> **Exercise goal**:
Which lines of the entries below hold the word "Mazda"? Report each of them.

....................

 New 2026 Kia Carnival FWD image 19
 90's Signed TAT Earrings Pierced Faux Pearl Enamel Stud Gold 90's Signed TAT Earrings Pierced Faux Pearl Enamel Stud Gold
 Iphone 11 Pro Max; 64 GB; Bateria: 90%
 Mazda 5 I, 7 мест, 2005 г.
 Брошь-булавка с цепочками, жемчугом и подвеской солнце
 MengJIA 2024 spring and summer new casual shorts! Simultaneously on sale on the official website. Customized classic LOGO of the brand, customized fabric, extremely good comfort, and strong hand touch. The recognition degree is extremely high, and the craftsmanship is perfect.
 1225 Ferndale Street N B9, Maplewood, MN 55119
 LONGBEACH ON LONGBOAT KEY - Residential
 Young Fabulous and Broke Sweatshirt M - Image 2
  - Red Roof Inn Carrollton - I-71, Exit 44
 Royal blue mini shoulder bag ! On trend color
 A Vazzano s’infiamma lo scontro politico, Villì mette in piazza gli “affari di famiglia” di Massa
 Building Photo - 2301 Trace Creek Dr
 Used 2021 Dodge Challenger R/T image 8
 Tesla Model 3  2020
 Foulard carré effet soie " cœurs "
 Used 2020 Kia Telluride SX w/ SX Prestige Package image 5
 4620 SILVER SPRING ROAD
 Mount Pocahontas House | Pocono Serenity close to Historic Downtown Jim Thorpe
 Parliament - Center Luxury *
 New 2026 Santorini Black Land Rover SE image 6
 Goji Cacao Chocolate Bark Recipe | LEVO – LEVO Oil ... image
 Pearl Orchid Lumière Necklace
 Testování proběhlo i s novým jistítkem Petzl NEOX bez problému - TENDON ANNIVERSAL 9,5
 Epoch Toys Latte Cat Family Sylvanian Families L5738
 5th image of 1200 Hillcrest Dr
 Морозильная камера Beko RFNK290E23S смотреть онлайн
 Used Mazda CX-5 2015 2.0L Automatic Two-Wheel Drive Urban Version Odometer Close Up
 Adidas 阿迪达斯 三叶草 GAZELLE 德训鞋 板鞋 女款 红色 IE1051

....................

> **Solution to this exercise**:
 Mazda 5 I, 7 мест, 2005 г.
 Used Mazda CX-5 2015 2.0L Automatic Two-Wheel Drive Urban Version Odometer Close Up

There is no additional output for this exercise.